■ What you will do:
In the data below, the answer is the run of lines from the line containing "Lo�isko ulo�en� tlumi�e&nbsp;SKF&nbsp;&dash;&nbsp;SK" through the line containing "79088772327", both included; print it exactly and nothing else.
◆ ◆ ◆ ◆
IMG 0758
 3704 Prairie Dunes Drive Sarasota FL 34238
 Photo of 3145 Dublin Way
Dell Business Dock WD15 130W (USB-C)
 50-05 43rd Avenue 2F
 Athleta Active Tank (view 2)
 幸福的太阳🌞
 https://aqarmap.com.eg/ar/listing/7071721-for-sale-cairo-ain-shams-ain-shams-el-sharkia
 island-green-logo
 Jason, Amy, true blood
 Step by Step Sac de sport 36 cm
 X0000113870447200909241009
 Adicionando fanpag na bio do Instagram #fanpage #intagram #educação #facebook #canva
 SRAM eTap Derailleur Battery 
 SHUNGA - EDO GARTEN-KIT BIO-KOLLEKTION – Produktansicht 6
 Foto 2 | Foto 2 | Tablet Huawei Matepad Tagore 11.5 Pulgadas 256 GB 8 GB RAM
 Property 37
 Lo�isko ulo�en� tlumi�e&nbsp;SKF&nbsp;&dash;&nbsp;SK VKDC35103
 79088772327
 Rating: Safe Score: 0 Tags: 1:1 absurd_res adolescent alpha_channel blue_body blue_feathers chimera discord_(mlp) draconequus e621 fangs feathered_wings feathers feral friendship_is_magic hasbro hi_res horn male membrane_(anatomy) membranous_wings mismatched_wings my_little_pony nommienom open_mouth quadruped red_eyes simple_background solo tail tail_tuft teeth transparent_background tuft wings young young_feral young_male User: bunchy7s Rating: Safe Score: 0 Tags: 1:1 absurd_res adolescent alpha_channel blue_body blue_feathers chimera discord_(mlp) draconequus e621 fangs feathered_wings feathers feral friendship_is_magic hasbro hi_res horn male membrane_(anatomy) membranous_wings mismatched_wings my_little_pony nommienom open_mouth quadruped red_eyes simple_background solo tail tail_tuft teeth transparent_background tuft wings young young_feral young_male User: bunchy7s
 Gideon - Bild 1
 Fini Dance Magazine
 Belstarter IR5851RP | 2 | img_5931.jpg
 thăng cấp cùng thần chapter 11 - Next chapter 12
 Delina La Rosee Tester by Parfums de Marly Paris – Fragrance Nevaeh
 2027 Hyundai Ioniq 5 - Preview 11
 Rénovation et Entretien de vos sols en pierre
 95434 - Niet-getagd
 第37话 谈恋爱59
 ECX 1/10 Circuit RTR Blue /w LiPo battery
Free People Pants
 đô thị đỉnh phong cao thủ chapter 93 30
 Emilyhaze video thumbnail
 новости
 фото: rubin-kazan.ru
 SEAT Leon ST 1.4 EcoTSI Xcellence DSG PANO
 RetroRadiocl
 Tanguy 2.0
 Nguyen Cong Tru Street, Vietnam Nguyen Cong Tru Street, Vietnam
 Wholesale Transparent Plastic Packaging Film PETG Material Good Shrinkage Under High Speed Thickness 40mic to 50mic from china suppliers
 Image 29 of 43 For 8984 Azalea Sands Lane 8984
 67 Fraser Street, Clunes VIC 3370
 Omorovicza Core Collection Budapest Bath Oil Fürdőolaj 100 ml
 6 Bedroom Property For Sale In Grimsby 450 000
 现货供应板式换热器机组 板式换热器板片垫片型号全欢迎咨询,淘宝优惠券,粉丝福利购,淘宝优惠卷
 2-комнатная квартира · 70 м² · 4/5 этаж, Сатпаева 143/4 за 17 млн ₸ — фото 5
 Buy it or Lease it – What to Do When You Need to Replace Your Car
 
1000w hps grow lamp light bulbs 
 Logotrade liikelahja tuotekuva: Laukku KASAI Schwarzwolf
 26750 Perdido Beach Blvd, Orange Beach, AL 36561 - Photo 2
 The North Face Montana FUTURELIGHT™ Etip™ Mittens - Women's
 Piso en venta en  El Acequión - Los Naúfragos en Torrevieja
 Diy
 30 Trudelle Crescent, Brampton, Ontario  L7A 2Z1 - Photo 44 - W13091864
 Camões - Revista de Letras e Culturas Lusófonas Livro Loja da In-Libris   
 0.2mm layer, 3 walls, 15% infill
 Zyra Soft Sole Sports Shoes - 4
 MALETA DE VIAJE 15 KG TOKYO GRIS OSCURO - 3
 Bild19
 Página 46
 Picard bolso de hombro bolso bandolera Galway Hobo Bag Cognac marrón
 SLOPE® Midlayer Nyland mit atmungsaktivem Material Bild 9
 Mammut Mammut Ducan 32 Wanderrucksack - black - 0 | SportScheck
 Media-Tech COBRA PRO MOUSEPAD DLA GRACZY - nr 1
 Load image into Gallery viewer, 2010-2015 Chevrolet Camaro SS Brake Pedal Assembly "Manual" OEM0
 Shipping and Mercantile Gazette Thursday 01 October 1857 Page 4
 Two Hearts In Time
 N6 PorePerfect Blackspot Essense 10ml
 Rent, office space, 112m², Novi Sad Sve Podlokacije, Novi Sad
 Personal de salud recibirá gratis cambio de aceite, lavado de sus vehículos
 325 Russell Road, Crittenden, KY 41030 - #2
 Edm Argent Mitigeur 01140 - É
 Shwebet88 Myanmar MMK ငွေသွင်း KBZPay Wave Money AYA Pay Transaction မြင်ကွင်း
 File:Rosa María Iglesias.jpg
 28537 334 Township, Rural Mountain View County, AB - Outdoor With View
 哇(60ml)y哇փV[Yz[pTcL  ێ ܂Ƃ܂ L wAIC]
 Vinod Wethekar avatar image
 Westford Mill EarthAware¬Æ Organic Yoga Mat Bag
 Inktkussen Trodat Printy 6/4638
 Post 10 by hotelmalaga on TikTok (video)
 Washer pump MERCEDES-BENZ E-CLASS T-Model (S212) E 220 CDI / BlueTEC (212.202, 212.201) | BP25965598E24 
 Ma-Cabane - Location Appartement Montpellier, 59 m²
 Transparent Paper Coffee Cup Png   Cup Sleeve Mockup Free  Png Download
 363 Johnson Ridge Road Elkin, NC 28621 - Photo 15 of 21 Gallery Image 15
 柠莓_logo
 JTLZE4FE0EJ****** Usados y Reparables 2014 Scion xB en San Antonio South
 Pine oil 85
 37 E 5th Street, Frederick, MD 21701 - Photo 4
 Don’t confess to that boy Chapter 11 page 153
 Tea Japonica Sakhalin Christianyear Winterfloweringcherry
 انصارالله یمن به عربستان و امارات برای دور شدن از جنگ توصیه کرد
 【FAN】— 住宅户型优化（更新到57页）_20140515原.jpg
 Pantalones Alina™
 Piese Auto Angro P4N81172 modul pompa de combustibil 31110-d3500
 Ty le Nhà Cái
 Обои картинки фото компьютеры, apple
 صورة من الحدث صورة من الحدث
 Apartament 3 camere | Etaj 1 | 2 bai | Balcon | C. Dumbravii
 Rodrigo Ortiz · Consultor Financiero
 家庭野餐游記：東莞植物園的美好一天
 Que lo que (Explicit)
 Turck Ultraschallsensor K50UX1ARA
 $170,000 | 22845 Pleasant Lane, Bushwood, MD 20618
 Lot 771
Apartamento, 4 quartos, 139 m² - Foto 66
◆ ◆ ◆ ◆
■ Answer to this problem:
 Lo�isko ulo�en� tlumi�e&nbsp;SKF&nbsp;&dash;&nbsp;SK VKDC35103
 79088772327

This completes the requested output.